→ **AIM OF THE TASK**
Images should be omitted while the rest of the data is duplicated exactly.

-=-=-

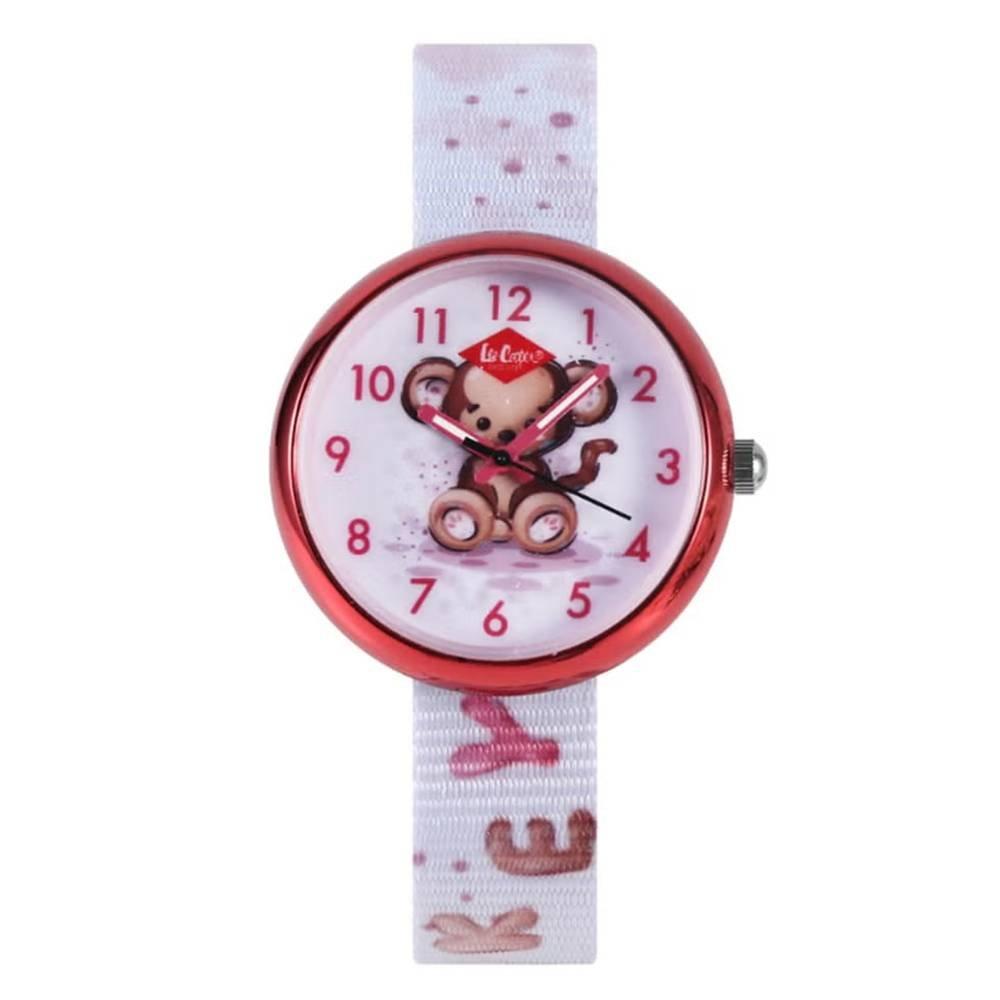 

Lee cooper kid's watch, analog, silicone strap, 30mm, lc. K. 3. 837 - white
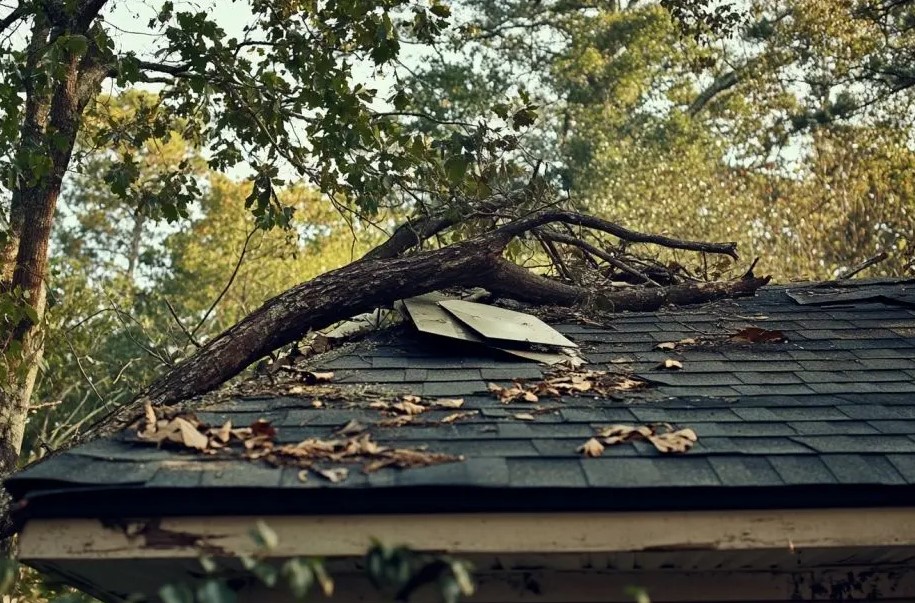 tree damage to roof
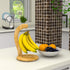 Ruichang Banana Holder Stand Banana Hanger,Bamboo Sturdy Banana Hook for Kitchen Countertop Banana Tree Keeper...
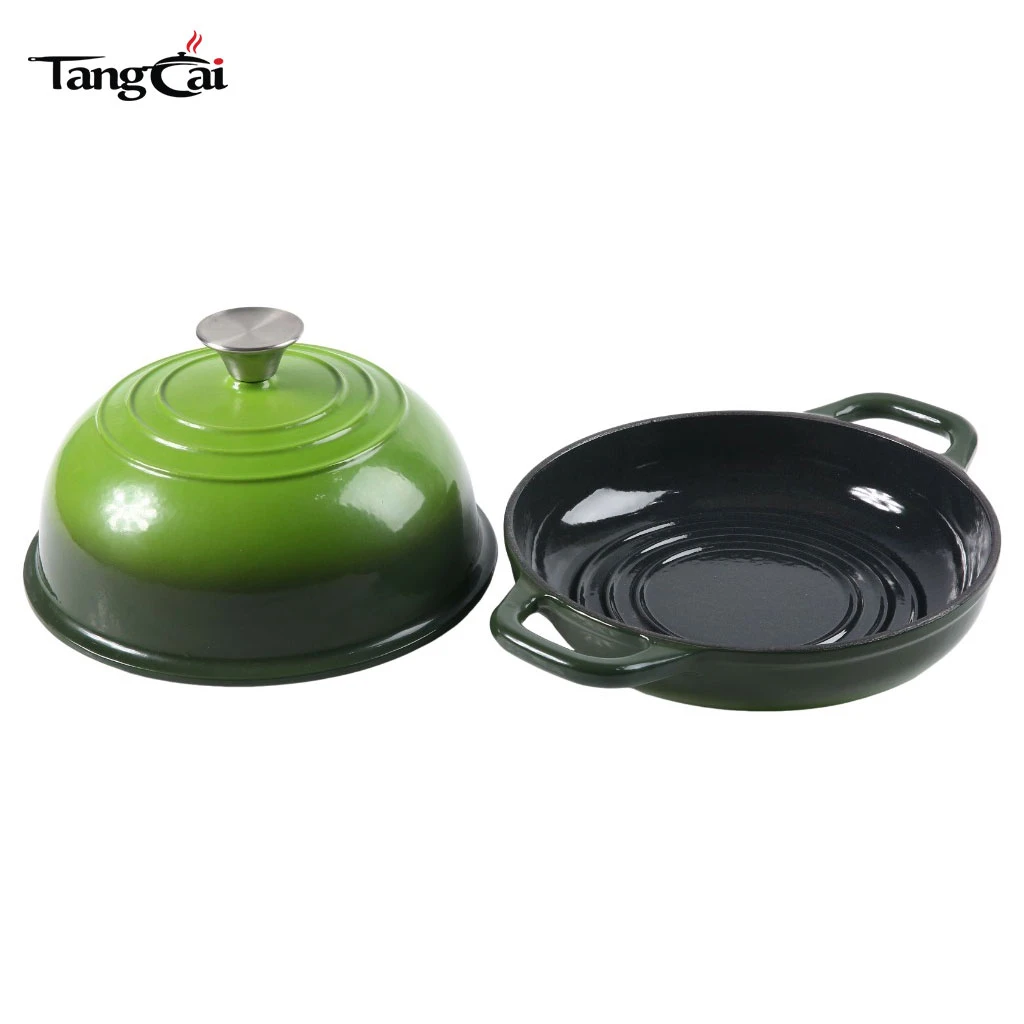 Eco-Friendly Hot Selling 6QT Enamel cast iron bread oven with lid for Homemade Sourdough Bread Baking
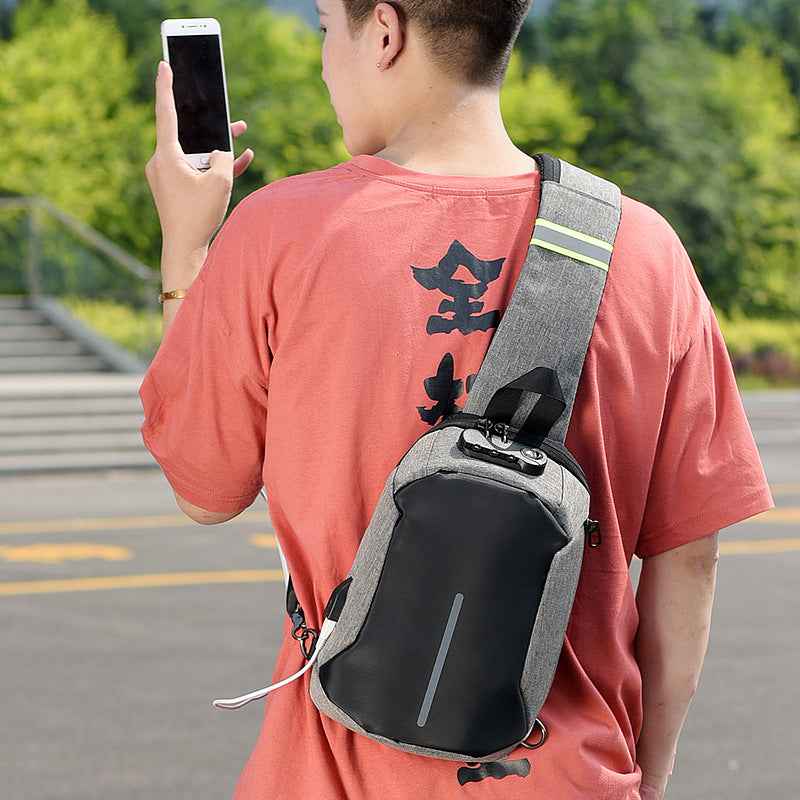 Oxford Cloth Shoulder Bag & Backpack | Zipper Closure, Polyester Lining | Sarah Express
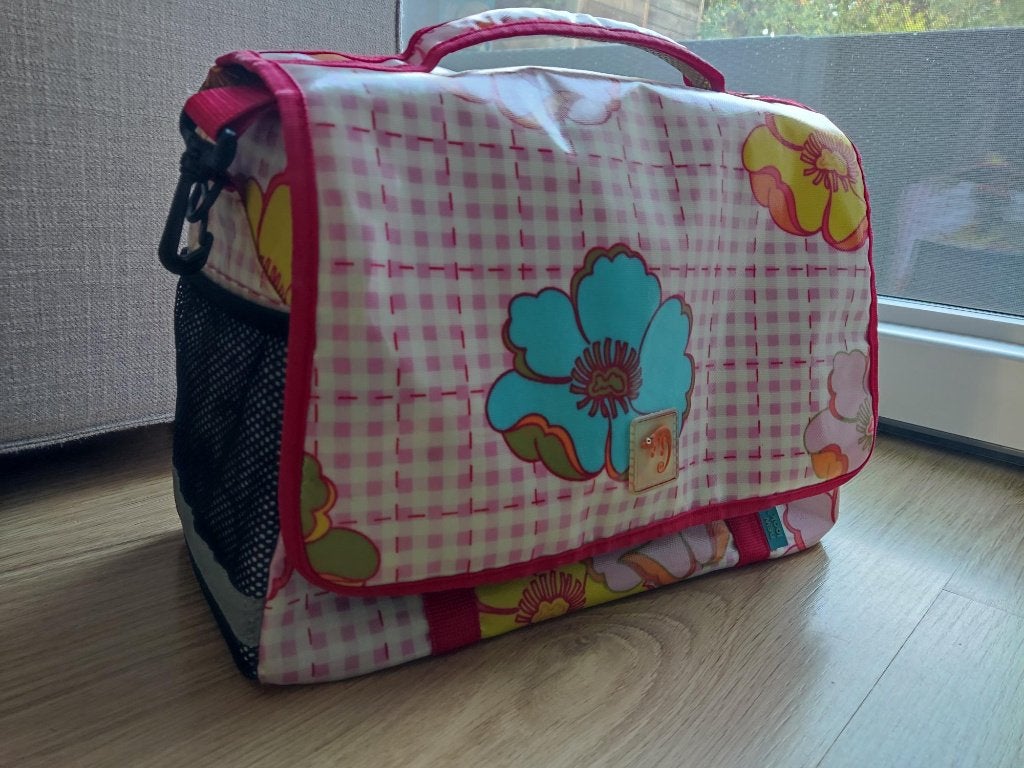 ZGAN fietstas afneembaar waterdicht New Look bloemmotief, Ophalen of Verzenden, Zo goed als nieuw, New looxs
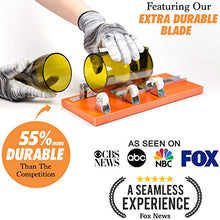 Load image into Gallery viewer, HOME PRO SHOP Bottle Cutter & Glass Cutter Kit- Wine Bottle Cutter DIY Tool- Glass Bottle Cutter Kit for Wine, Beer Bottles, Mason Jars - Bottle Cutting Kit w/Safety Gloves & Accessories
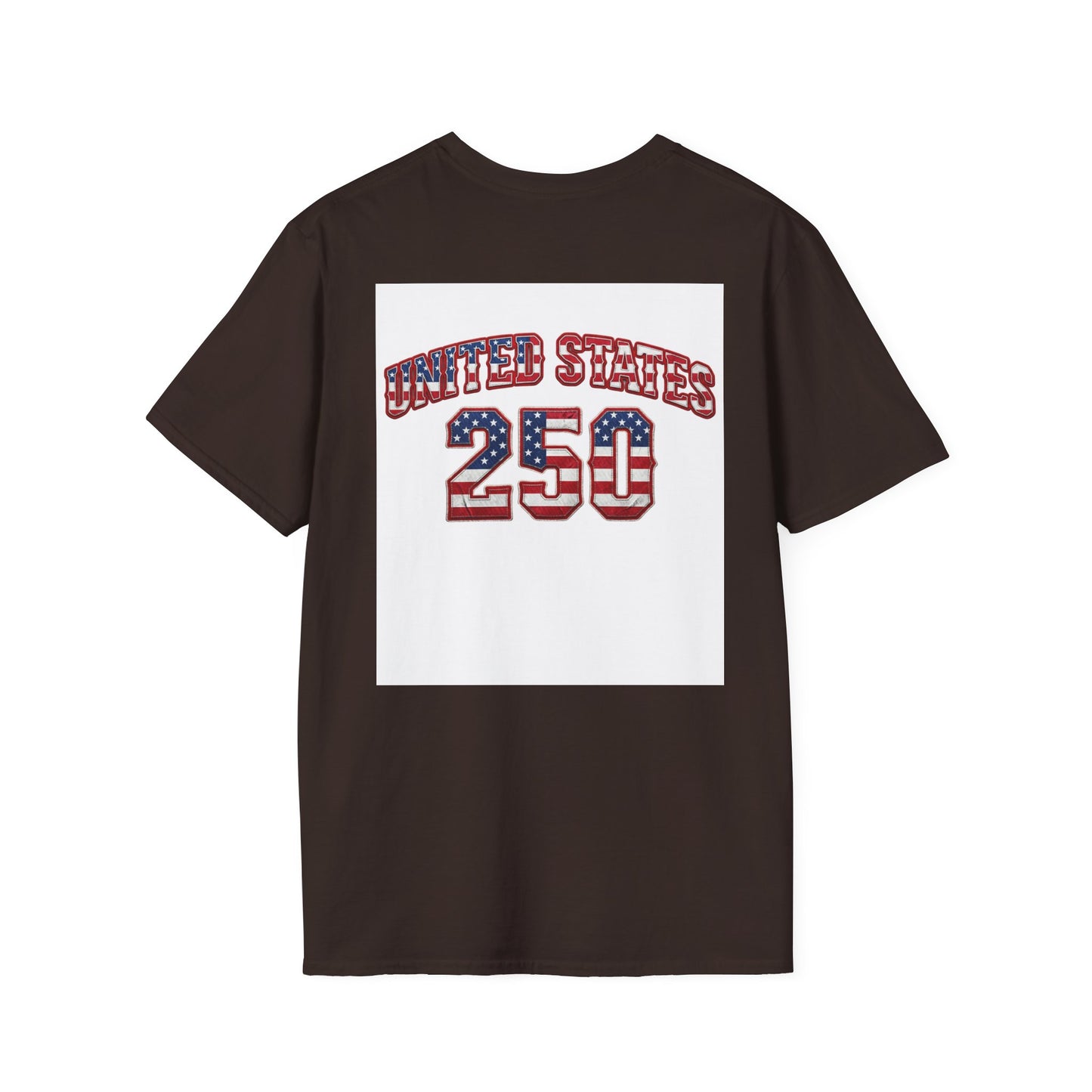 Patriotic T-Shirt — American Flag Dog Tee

-=-=-

→ **TASK SOLUTION**
Lee cooper kid's watch, analog, silicone strap, 30mm, lc. K. 3. 837 - white
 tree damage to roof
 Ruichang Banana Holder Stand Banana Hanger,Bamboo Sturdy Banana Hook for Kitchen Countertop Banana Tree Keeper...
 Eco-Friendly Hot Selling 6QT Enamel cast iron bread oven with lid for Homemade Sourdough Bread Baking
 Oxford Cloth Shoulder Bag & Backpack | Zipper Closure, Polyester Lining | Sarah Express
 ZGAN fietstas afneembaar waterdicht New Look bloemmotief, Ophalen of Verzenden, Zo goed als nieuw, New looxs
 Load image into Gallery viewer, HOME PRO SHOP Bottle Cutter & Glass Cutter Kit- Wine Bottle Cutter DIY Tool- Glass Bottle Cutter Kit for Wine, Beer Bottles, Mason Jars - Bottle Cutting Kit w/Safety Gloves & Accessories
 Patriotic T-Shirt — American Flag Dog Tee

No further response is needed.